This indicates that systems that can determine the query type may be able to improve performance with that
information.

2. Automated Image Annotation
The goal of this task was to correctly classify 1000 radiographic medical images into 116 categories. The images
differed in the “modality, body orientation, body region, and biological system examined,” according to the track
Web site. The task organizers provided a set of 9,000 training images that were classified into these 116 classes.
In addition, another set of classified images (numbering 1000) was provided as a development set. The suggested
procedure was to create a classifier based on the training images. The development set could then be used to test
the effectiveness of the classifier. One could then combine the training and development tests to create a larger
database to create the final classifier for the test images.

a. Introduction

For the automated image annotation task, we used a combination of low-level image features and a neural
network based classifier.
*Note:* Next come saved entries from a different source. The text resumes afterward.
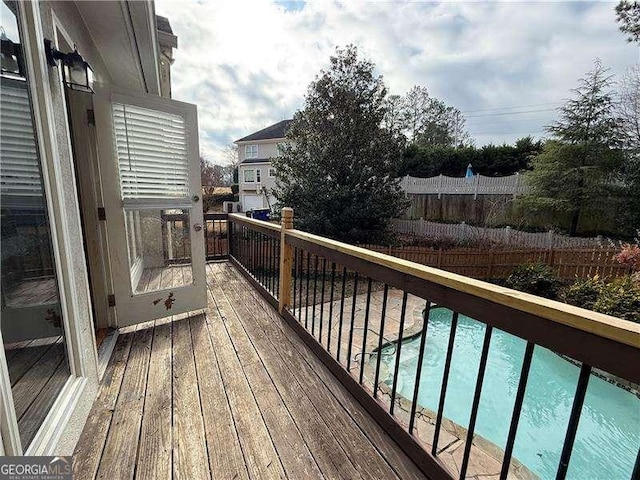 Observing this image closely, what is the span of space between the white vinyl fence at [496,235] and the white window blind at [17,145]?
9894 millimetres

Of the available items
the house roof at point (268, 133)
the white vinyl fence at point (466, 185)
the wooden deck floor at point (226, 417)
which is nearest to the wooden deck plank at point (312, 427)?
the wooden deck floor at point (226, 417)

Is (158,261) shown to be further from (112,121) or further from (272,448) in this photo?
(272,448)

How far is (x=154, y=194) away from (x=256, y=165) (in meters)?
18.5

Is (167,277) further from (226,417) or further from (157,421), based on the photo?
(226,417)

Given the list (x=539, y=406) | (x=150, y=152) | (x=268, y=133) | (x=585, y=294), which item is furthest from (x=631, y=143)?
(x=268, y=133)

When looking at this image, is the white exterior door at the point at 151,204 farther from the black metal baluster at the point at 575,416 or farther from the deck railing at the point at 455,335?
the black metal baluster at the point at 575,416

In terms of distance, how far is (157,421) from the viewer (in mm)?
1506

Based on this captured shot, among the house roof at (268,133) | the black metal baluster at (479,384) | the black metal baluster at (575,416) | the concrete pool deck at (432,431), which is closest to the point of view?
the black metal baluster at (575,416)

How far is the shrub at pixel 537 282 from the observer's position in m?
5.72

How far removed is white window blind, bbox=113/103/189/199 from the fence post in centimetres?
92

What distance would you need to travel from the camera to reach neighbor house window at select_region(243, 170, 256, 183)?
20.4 metres

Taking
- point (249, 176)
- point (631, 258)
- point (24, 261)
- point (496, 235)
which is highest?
point (249, 176)

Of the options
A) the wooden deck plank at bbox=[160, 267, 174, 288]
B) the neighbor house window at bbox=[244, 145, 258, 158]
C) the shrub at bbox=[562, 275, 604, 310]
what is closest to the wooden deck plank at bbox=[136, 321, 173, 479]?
the wooden deck plank at bbox=[160, 267, 174, 288]

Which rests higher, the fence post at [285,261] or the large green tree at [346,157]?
the large green tree at [346,157] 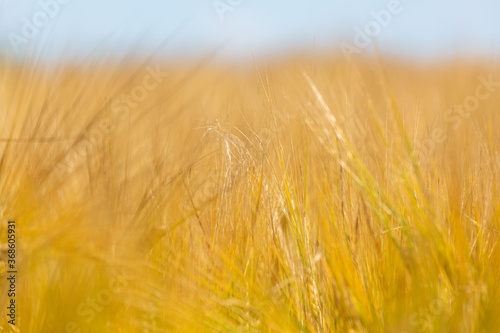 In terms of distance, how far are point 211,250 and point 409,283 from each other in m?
0.46

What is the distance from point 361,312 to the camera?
115cm

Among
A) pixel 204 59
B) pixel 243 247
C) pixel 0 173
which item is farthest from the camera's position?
pixel 243 247

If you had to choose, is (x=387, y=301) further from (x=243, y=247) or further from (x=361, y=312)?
(x=243, y=247)

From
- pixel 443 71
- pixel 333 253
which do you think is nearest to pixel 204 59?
pixel 333 253

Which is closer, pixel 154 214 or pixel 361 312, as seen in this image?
pixel 361 312

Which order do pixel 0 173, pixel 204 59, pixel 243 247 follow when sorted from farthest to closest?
pixel 243 247
pixel 0 173
pixel 204 59

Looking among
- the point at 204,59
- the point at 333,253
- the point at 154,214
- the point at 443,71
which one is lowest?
the point at 333,253

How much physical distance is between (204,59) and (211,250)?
0.47 meters

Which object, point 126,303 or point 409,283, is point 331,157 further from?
point 126,303

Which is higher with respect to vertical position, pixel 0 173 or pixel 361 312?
pixel 0 173

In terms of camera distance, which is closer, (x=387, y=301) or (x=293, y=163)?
(x=387, y=301)

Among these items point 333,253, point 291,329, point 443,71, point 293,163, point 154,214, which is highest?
point 443,71

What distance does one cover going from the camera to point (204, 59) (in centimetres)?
106

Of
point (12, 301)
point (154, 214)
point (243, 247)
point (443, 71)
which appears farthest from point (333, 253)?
point (443, 71) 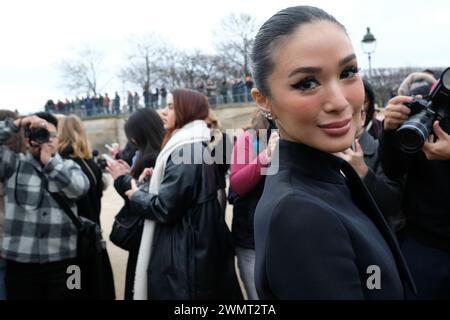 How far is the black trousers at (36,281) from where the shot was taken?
10.3ft

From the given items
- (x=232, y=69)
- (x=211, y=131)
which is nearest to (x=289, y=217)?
(x=211, y=131)

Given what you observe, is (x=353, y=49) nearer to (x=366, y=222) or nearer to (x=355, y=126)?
(x=355, y=126)

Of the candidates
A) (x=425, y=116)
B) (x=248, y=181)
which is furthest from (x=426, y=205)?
(x=248, y=181)

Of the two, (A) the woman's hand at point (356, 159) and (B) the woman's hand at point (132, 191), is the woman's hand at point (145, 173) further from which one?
(A) the woman's hand at point (356, 159)

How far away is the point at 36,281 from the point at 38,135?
45.1 inches

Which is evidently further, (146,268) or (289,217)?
(146,268)

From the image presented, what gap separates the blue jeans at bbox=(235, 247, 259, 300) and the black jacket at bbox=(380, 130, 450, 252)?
3.82ft

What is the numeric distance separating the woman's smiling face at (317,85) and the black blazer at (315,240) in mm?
84

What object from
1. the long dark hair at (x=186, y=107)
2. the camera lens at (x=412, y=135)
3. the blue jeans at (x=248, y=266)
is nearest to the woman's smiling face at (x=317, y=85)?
the camera lens at (x=412, y=135)

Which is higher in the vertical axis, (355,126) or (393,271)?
(355,126)

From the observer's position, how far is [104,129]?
110 ft

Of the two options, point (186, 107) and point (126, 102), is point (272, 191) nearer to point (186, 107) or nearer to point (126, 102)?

Our results (error rate of 26.3% for our best run) were in the middle of the range of
results obtained for all groups, indicating to us the potential capabilities of these techniques as well as some areas
of improvement for further experiments.

b. System Description

A neural network-based scheme using a variety of low-level, largely global image features was used to create the
classifier, which was implemented in MATLAB using Netlab. A variety of feature vectors were then tested with
the results. For our first efforts in the medical image automatic annotation domain, we started with low-level,
commonly used, global, texture and histogram features. In addition, we tried to capture a sense of spatial
differences between images classes.

Images were first padded to create a 512x512 image, with the original image centered within this new image.
White (255) and black (0) pixels were tested for the padding. This was done since we had noted that the aspect
ratio of the image can provide information useful for classification. All images were resized to 256x256 pixels
using bilinear extrapolation.

A variety of features described below were tested on the development set. These features were combined in
different ways to try to improve the classification ability of the system, with the final submissions were based on
the three best combinations of image features. The features included:
     • Icon: A 16x16 pixel ‘icon’ of the image was created by resizing the image using bilinear extrapolation.
          This vector of dimension 256 was fed directly into the input of the neural network
     • GLCM: Four gray level co-occurrence matrices (GLCM) [ Haralick] matrices with offsets of 1 pixel, 0,
          45, 90 and 135 degrees were created for the image after rescaling the image to 16 levels. GLCM
          statistics of contrast, correlation, energy, homogeneity and entropy were calculated for each matrix. A
          20 dimensional vector was created for each image by concatenating the 5 dimensional vector obtained
          by each of the four matrices.
     • GLCM2: In order to capture the spatial variation of the images in a coarse manner, the resized image
          (256x256) was partitioned into 5 squares of size 128x128 pixels (top left, top right, bottom left, bottom
          right, centre). A gray level correlation matrix was created for each partition. A 20 dimensional vector
          was created for each partition. Subsequently, the 5 vectors from each of the partitions were
          concatenated to created feature vector of dimension 100.
     • Hist: A 32-bin histogram was created for each image and counts were used as the input
     • DCT: A global discrete cosine transform was created for each image. The upper left (10x10) vectors
          were concatenated and used as inputs

We used a multilayer perceptron architecture to create the multi-class classifier[7, 8]. It was a two layer structure,
with a hidden layer of approximately 200-400 nodes. A variety of combinations of the above image features
were used as inputs. All inputs to the neural network (the image feature vectors) were normalized using the
training set to have a mean of zero and variance of 1. The architecture was optimized using the training and
development sets provided.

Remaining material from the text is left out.